Mohon tunggu...
Dwi Klik Santosa
Dwi Klik Santosa Mohon Tunggu... Penulis - Penulis

Menulis Dongeng Nusantara dan Menulis Apa Saja demi Memanja Kecintaan kepada Hidup yang Damai dan Indonesia

Selanjutnya

Tutup

Sosok

Tukulisme Seorang Ganjar

10 September 2023   17:23 Diperbarui: 10 September 2023   17:26 147
+
Laporkan Konten
Laporkan Akun
Kompasiana adalah platform blog. Konten ini menjadi tanggung jawab bloger dan tidak mewakili pandangan redaksi Kompas.
Lihat foto
Sosok Cerita Pemilih. Sumber ilustrasi: KOMPAS.com/GARRY LOTULUNG

Selama menjadi Gubernur Jateng, dijelek-jelekkan seringkali dialami Ganjar Pranowo. Apalagi soal kasus Wadas. Ada beberapa pihak menuduhkan kepada Gubernur tidak pro rakyat.

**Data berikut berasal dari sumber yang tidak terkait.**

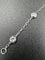 Bracelet CARTIER. Collection "Diamants légers, bracelet or blanc et diamants 58 Facettes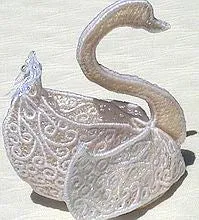 Swan Custodian in freestanding lace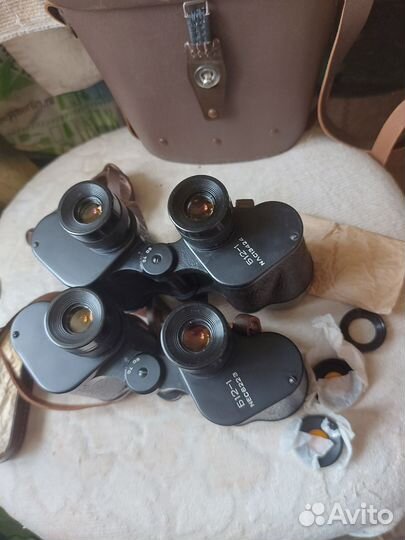 Бинокль Б12-1 армейский СССР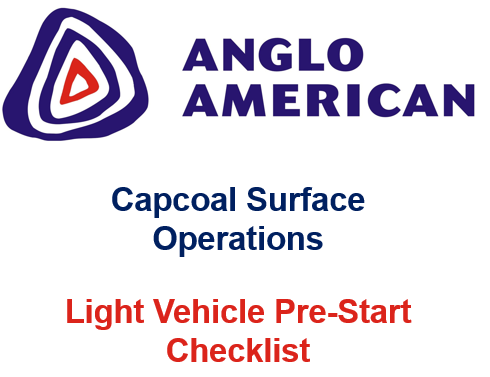 Light Vehcile Pre-Start Checklist - Capcoal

Tidak hanya itu, soal banyak hal tentang kebijakan yang selalu dibuatnya, lantas ada saja yang bilang ia pemimpin yang “kemlinthi”. Kemlinthi itu kata lain dari sok-sokan.

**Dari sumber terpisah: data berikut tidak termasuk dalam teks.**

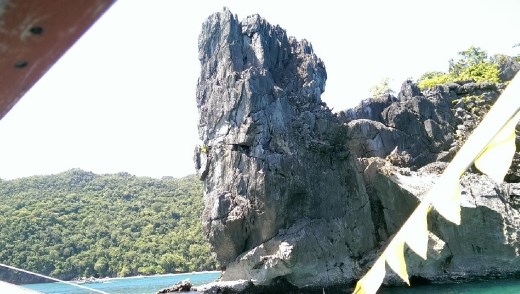 Rock formation at ntrace to underground river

Apa sikap Ganjar menanggapi asumsi buruk itu?

“Biasa saja,” begitu kata Ganjar, “Pimpinan itu tempatnya dimarah-marahin. Kalau tidak mau dimarahi jangan jadi pemimpin.”

Ganjar bersikap terbuka dan menerima segala ekpresi perasaan yang diungkapkan warga. Termasuk ungkapan kemarahan. Daripada menanggapi dengan pembenaran, ia lebih memilih mengoreksi diri sendiri.

Ketika dalam posisi marah, seseorang akan membuang segala hal yang rasional. Karena itu Ganjar lebih memilih berkaca menggunakan ilmu Tukul.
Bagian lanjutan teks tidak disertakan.